An old urban legend tells that a long, long time ago, in the place that was later occupied by the Can Batlló factory, there lived a beautiful woman who was often seen on top of a pile of rubble. She was so beautiful that the men of those lands only had eyes for that female with the enigmatic smile. But her evil and envious tongues said of her that she was a witch. The peasants of the neighboring farmhouses, perhaps forced by family pressures, raised their prayers for such a mysterious and feared woman to disappear. Her prayers were answered and she was never seen in those places again.

In that place a country house was built that became known as the Can Bruixa farmhouse. Today that construction in the Bordeta neighborhood, in the Sants-Montjuïc district, presents such a deteriorated appearance that it threatens ruin. He had all the numbers to perish executed by the pickaxe. And yet, Barcelona City Council, responding to the demands of the neighborhood, is willing to save it and give it a new life.

The City Council, in a decision that dates back to the days of the previous mayoress of Barcelona, ??Ada Colau, has tendered for just under 41,000 euros the drafting and direction of the comprehensive rehabilitation project of Can Bruixa. According to municipal sources, the forecast is that the drafting of the project will be awarded at the end of this year so that it is completed at the beginning of 2025.

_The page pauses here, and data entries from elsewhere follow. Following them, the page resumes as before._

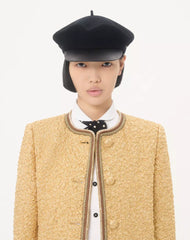 Jacquard Cloque Caban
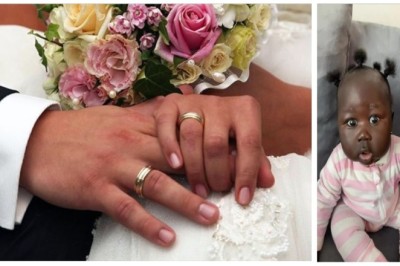 Reazione Scioccante di un Uomo Quando Viene Rivelata la Vera Paternità del Bambino Durante la Cerimonia di Nozze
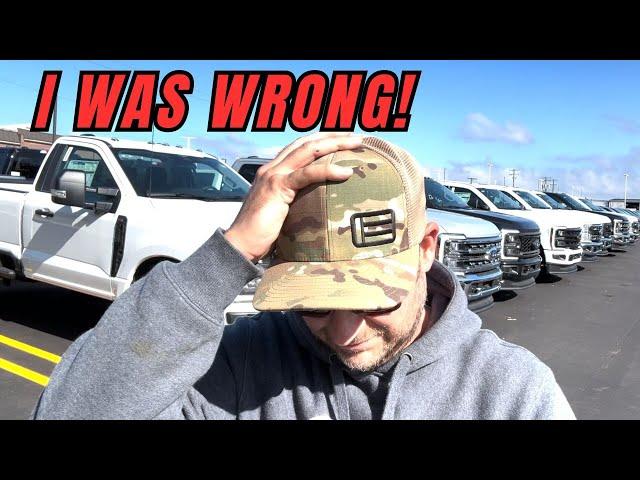 2025 Ford F-250 vs F-350 Superduty 7.3l Transmission changes vs 2024 | Good news!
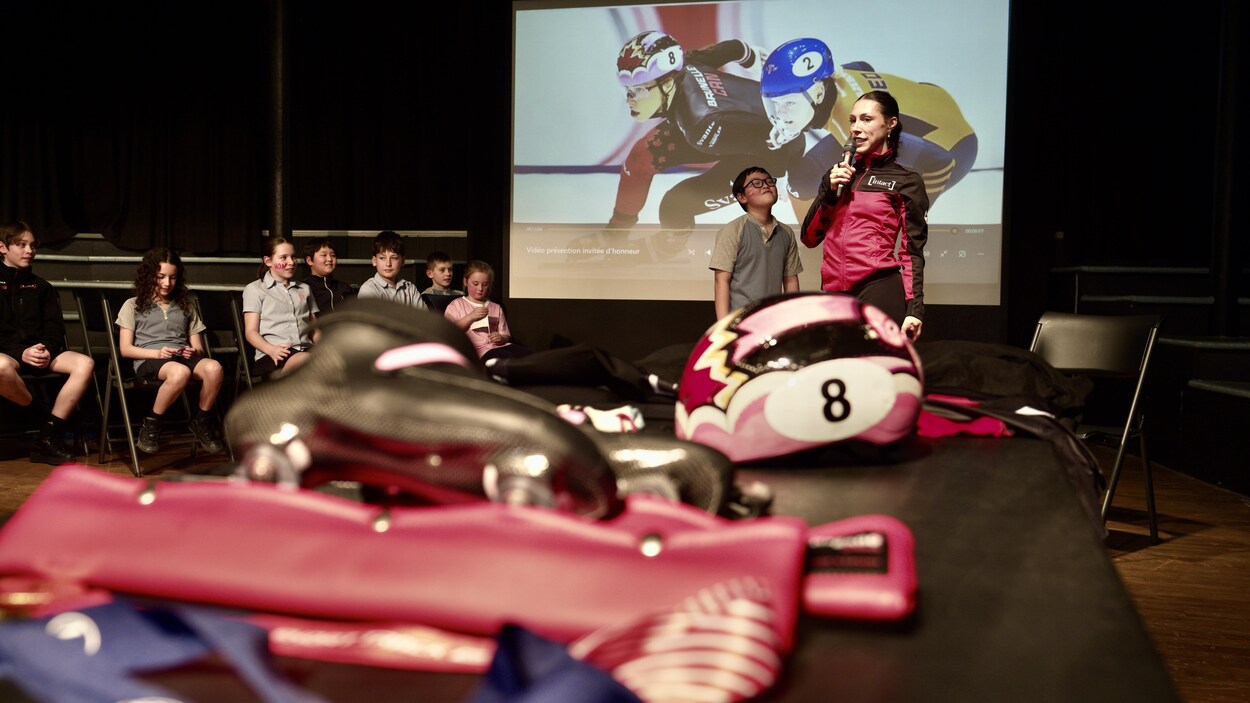 Florence Brunelle à trois semaines des Jeux Olympiques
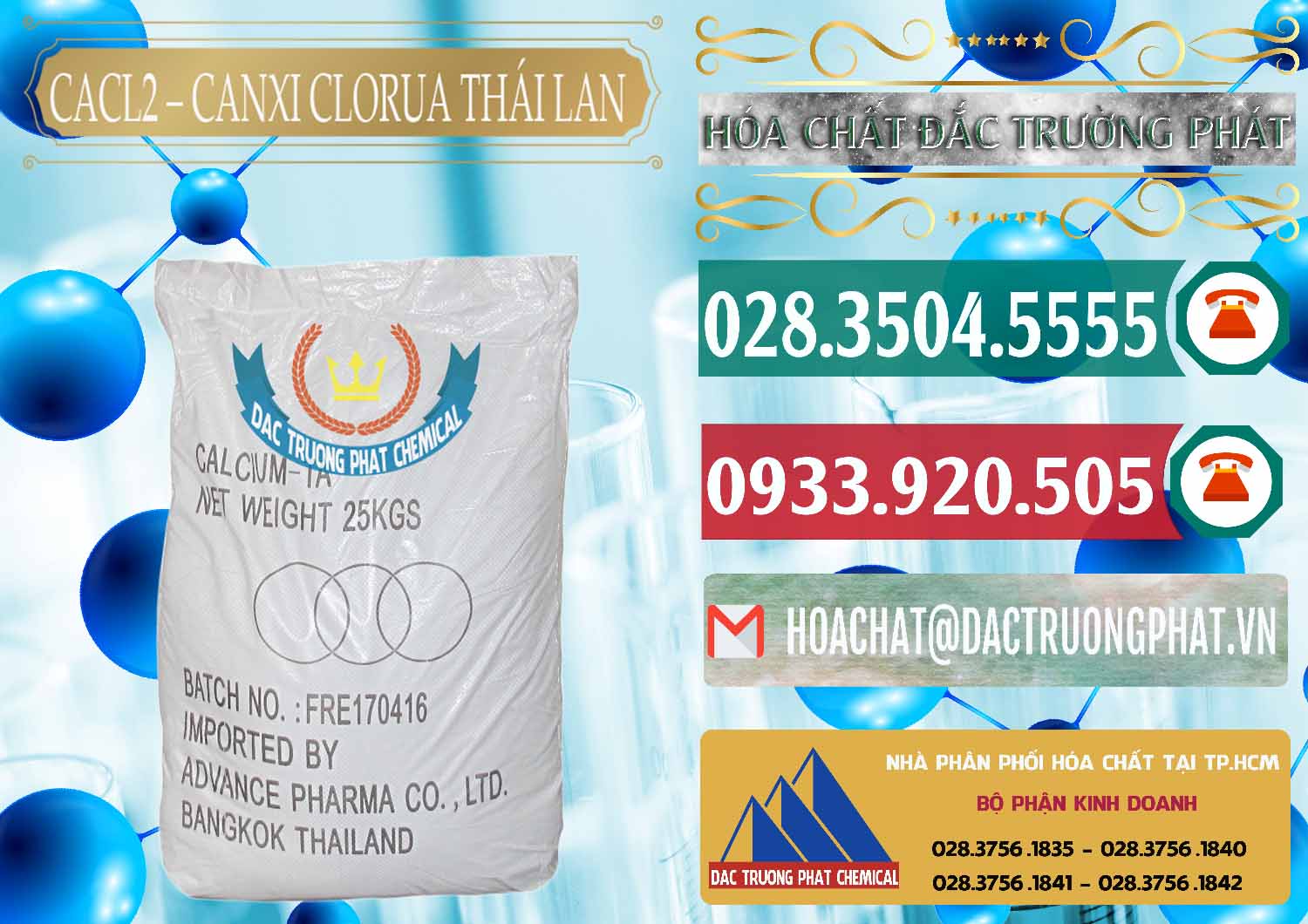 Công ty bán ( cung ứng ) CaCl2 – Canxi Clorua 96% Thái Lan - 0042 - Kinh doanh và cung cấp hóa chất tại TP.HCM - muabanhoachat.vn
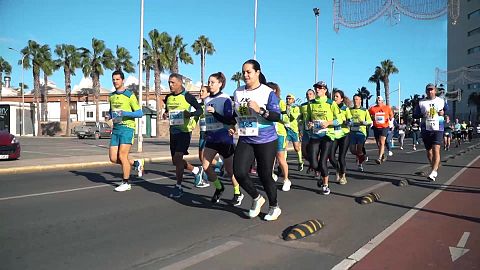 Media Maratón Ciudad autónoma de Melilla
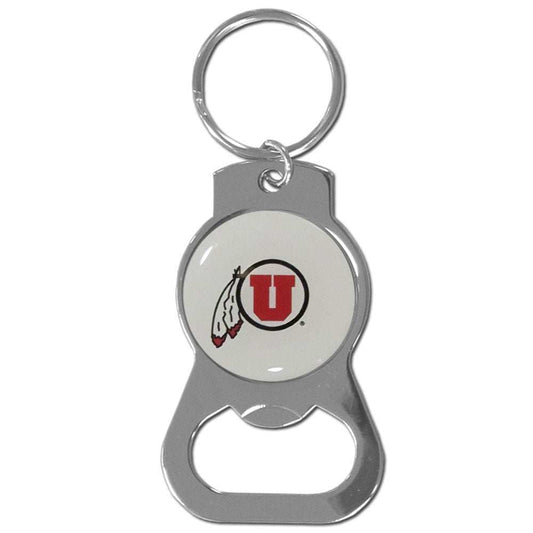 Utah Utes Bottle Opener Key Chain - Utah Utes - Flyclothing LLC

The rehabilitation tasks of the farmhouse go on for a long time. The new government of Jaume Collboni has to define the investment priorities in the Municipal Investment Plan (PIM) of this mandate. However, it is the will of the local authorities to move forward with the rehabilitation of Can Bruixa so that it becomes a multipurpose space open to the neighborhood and integrated into the Can Batlló complex, currently under construction and on the way to becoming a large urban park . One of the options is for the restored building to house a space for the historical memory of the Bordeta neighborhood and the old municipality of Sants before it was annexed to Barcelona.

Can Bruixa, also known at times as Cal Paretó, is a rural building with a quadrangular floor plan, ground floor and first floor, from the second half of the 19th century. It is located, hidden, on a plot inside the Can Batlló enclosure, although its existence and the agricultural activity that took place in its area of ??influence predates the great textile factory, which was inaugurated in 1880. In fact, Can Bruixa is the only survivor of the successive phases of transformation of this end of the municipality of Barcelona and, in particular, of the sixties of the last century, when Franco’s developmentalism wiped out almost all the typical low houses of La Bordeta.

The property in which this building is located is a property owned by the Barcelona City Council without specific protection, but it does have a symbolic value that has prompted the protest action of some neighborhood entities that successfully mobilized to prevent its disappearance.

The past of Can (or Cal) Bruixa is shrouded in shadows as dark as the origins of the denomination that have survived to this day. Other more pedestrian versions, although no less reliable than the one starring the enigmatic woman, attribute the name of the farmhouse to one of its owners known as “en Bruixa”, who acquired it from a previous owner who was dedicated to growing and selling vegetables. .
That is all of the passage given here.